**What to produce**
Return, with both end lines included, exactly what the data below holds from the line with "Infografis resmi BMKG" through the line with "Item preview, Neon", though not the pictures.

**Records for processing**
• • • • •

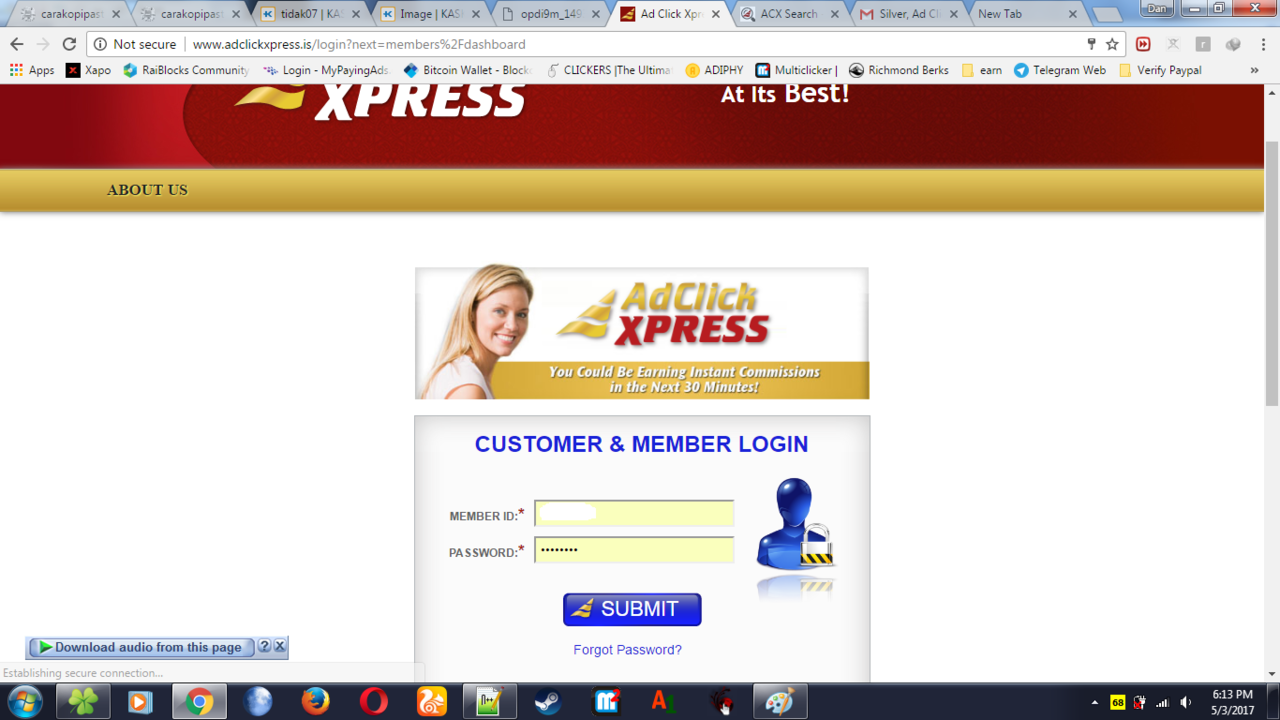 &#91;GRATIS !!&#93; Cara mendapatan 0.3-0.4$ Perhari dari AdClickXpress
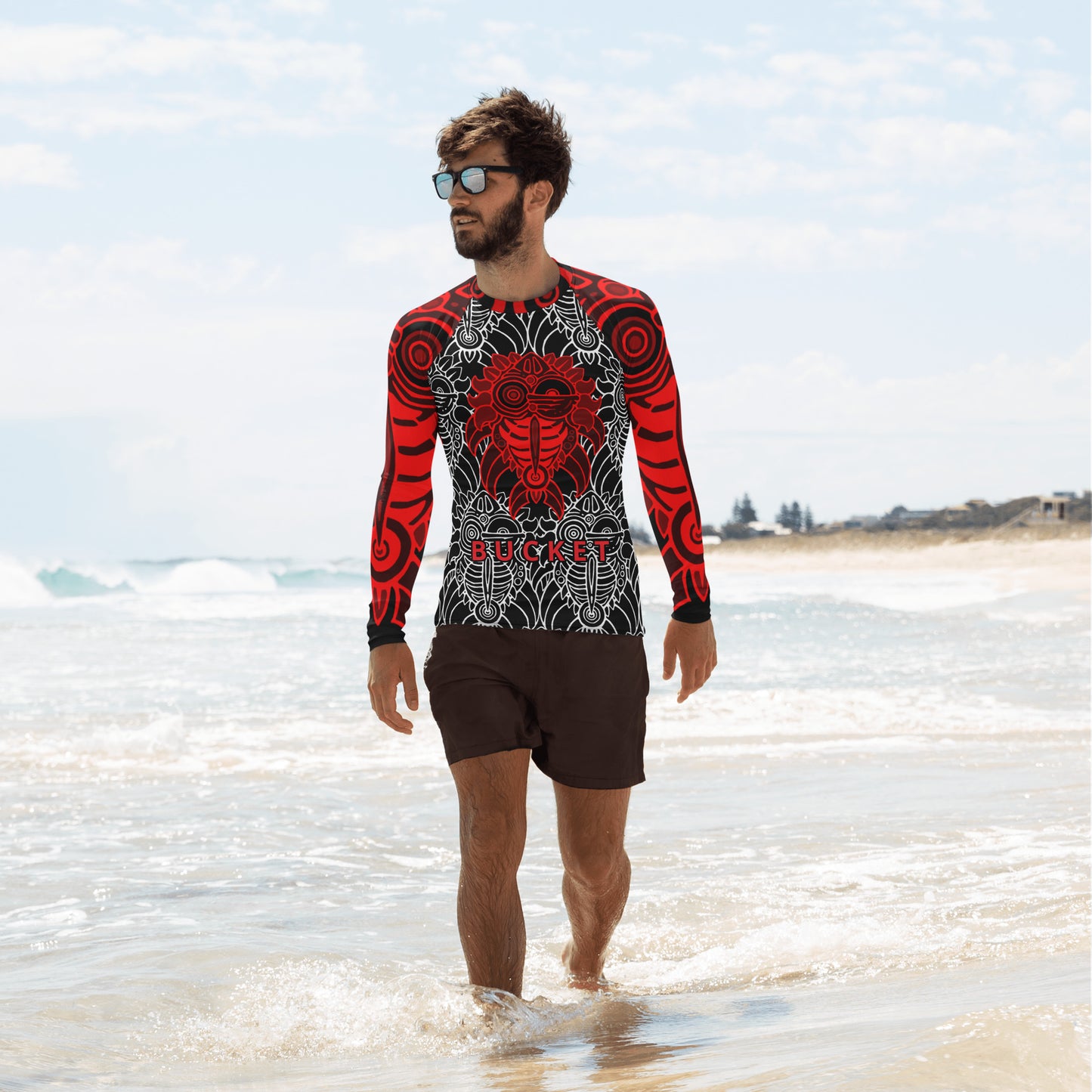 Red Bucket McRib Men's Rash Guard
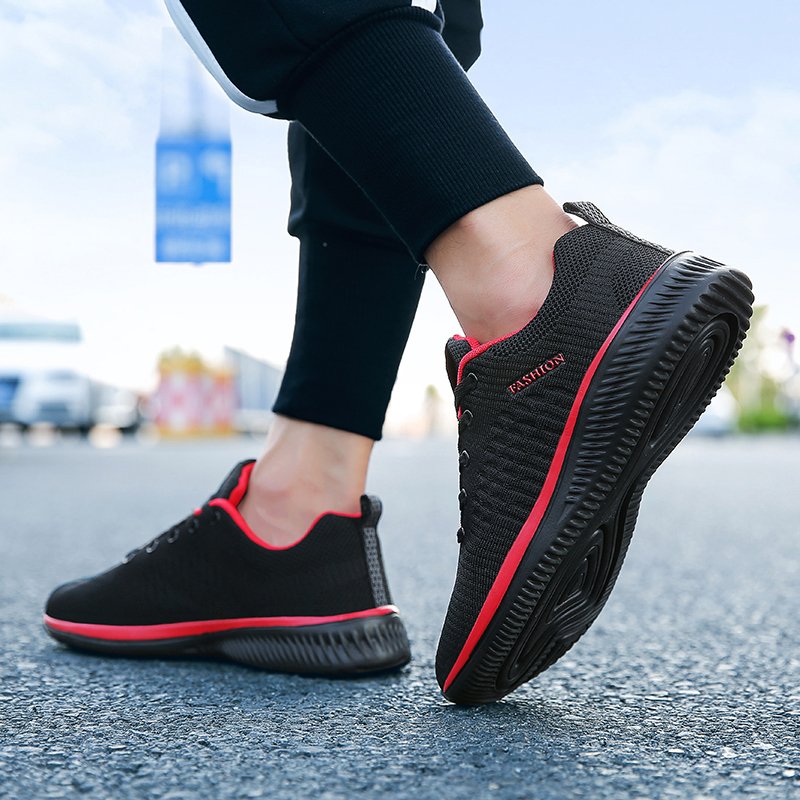 Pánské lehké běžecké tenisky z prodyšné síťoviny s tkaničkami - polstrované tréninkové boty na běh, fitness, sport i každý den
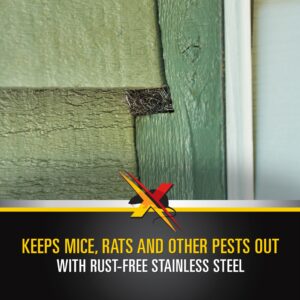 Xcluder Rodent Control Fill Fabric 6 Rolls of Stainless Steel Wool Blend Protect Home, Business, Office Stop Rats, Mice, and Pests from Entering Property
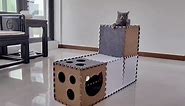 Miscati DIY Transformable Cat Tunnel - Indoor Cat Condo/Cat House Cube, Foldable Cat Hideaway Cave, Multifunctional Scratch Resistant Puzzle Felt Cat Toys for Small Medium Large Cat (Large)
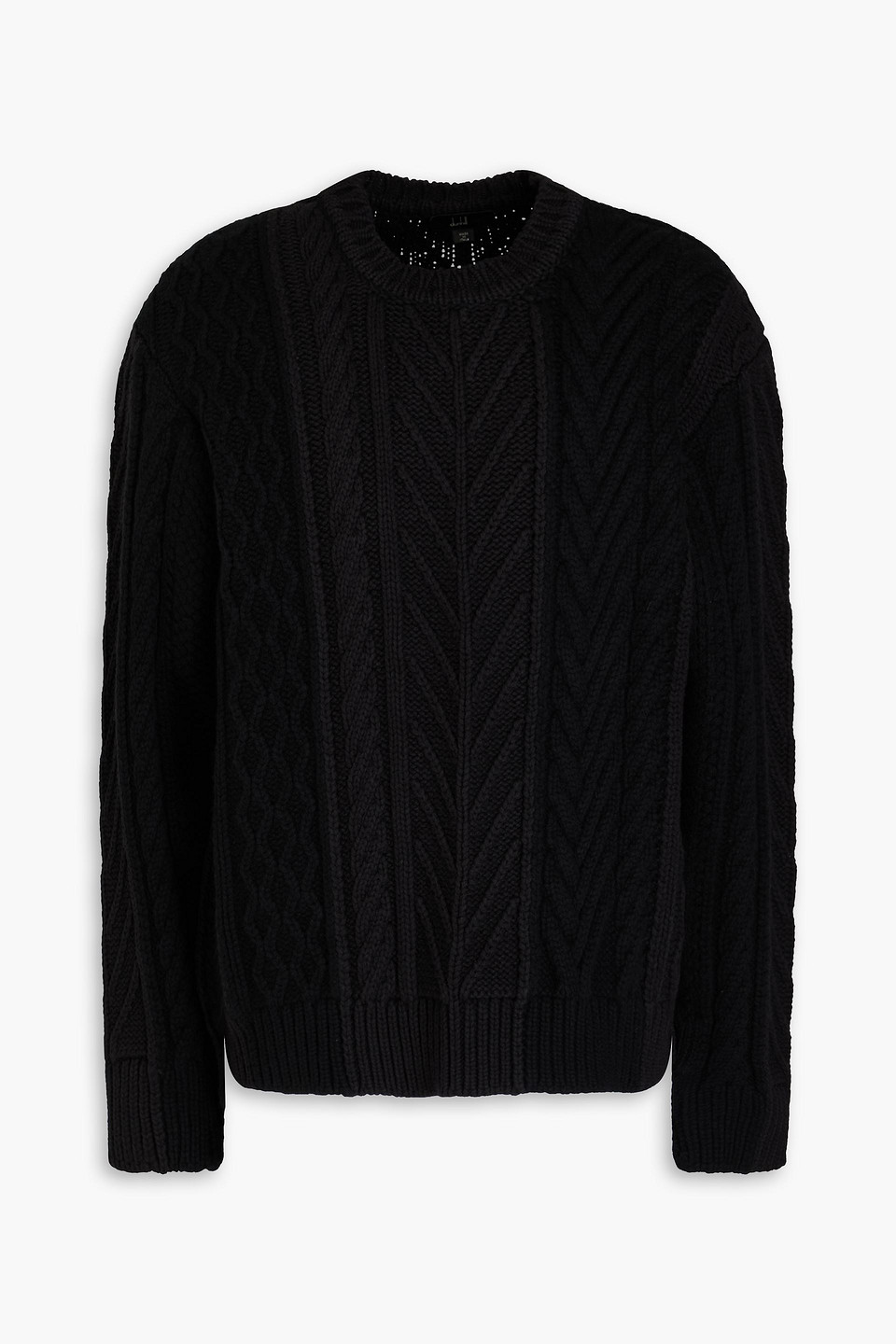 Dunhill Cable-knit Wool And Cotton-blend Sweater In Black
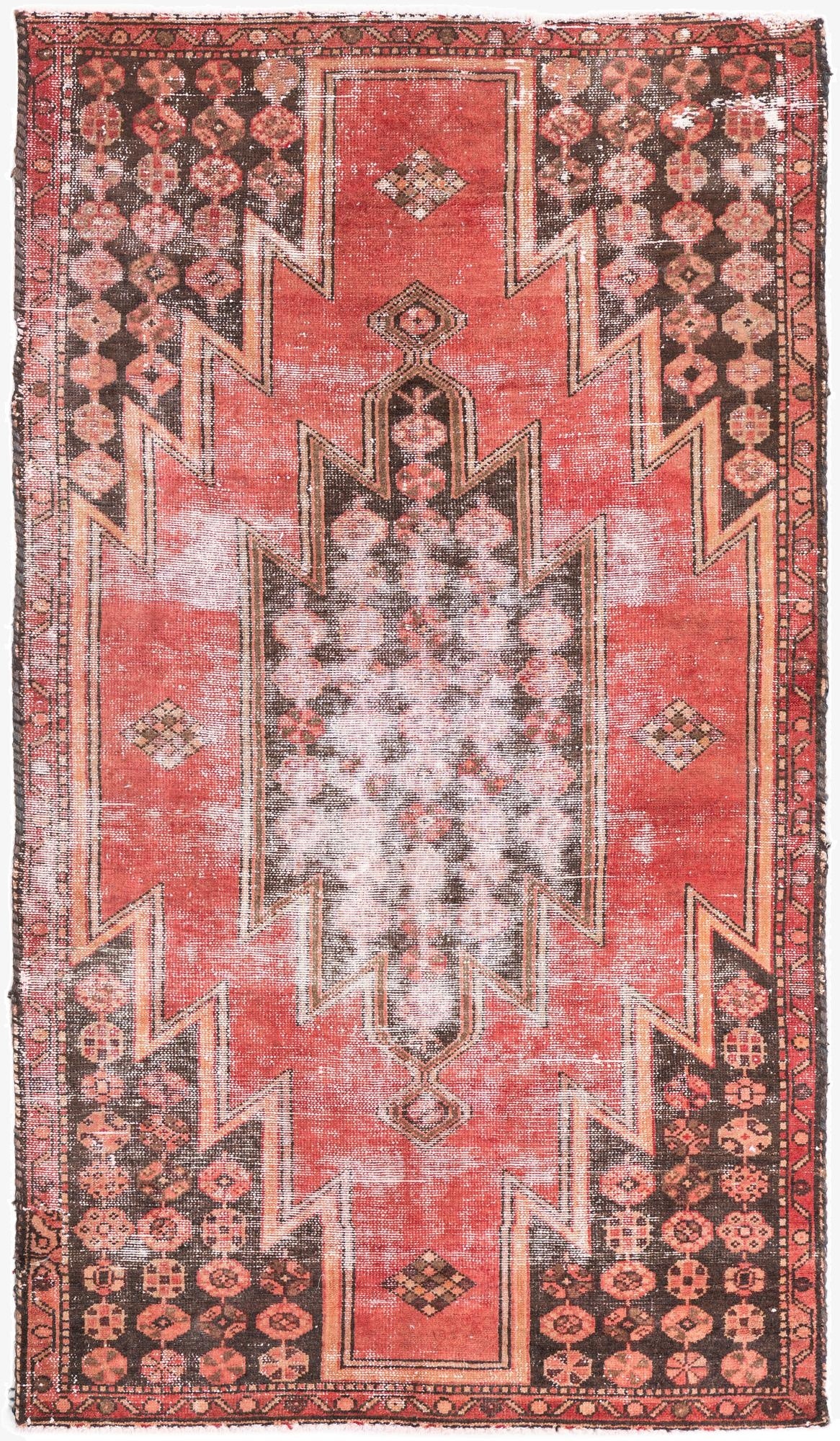 3' 4 x 6'  Hand Knotted Ultra Vintage Persian Wool Runner Rug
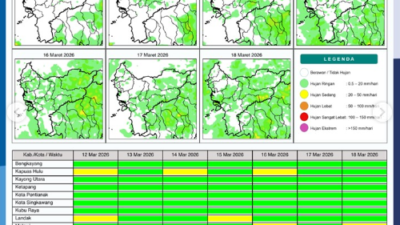 Infografis resmi BMKG yang menunjukkan data potensi hujan harian di wilayah Provinsi Kalimantan Barat untuk periode 12 hingga 18 Maret 2026.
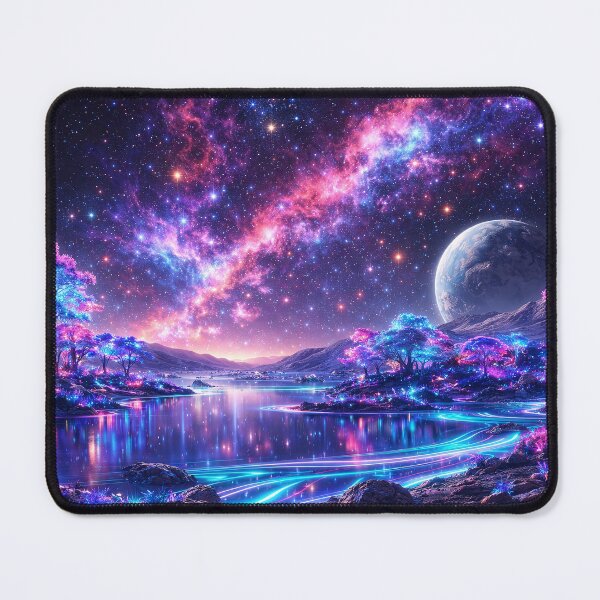 Item preview, Neon Cosmic Lake Beneath Surreal Galaxy Sky designed and sold by ImaginingNebulae.
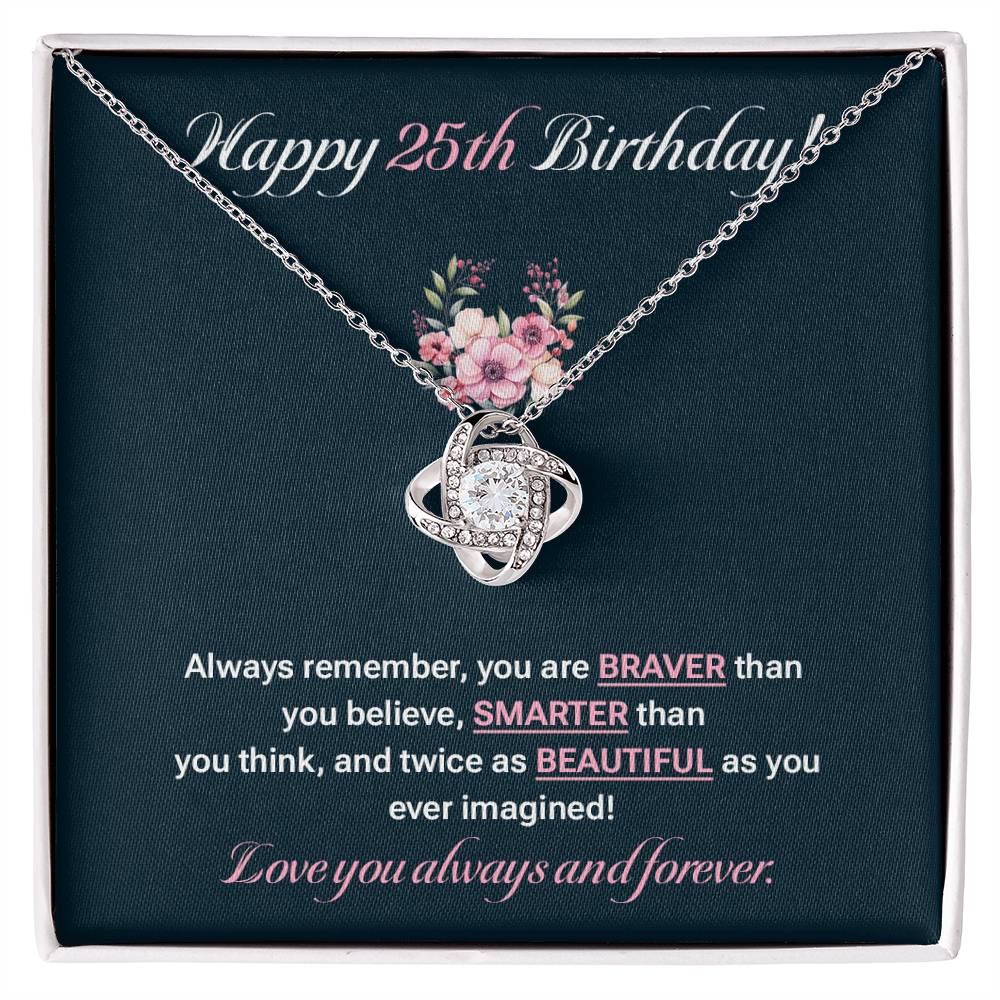 25th Birthday Necklace Gift for Her – Elegant Floral Message Box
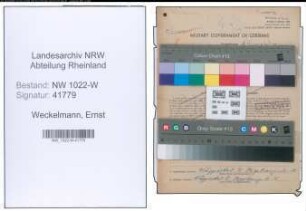 Entnazifizierung Ernst Weckelmann , geb. 06.11.1913 ()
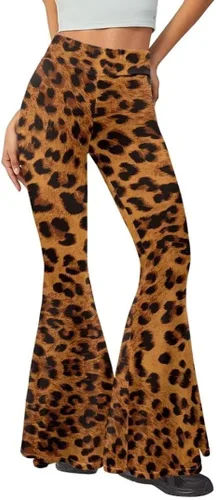 Vista 2 de Animepark Pantalones de yoga de pierna ancha para mujer, pantalones deportivos acampanados de cintura alta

• • • • •

**Answer to the exercise**
 Infografis resmi BMKG yang menunjukkan data potensi hujan harian di wilayah Provinsi Kalimantan Barat untuk periode 12 hingga 18 Maret 2026.
 Item preview, Neon Cosmic Lake Beneath Surreal Galaxy Sky designed and sold by ImaginingNebulae.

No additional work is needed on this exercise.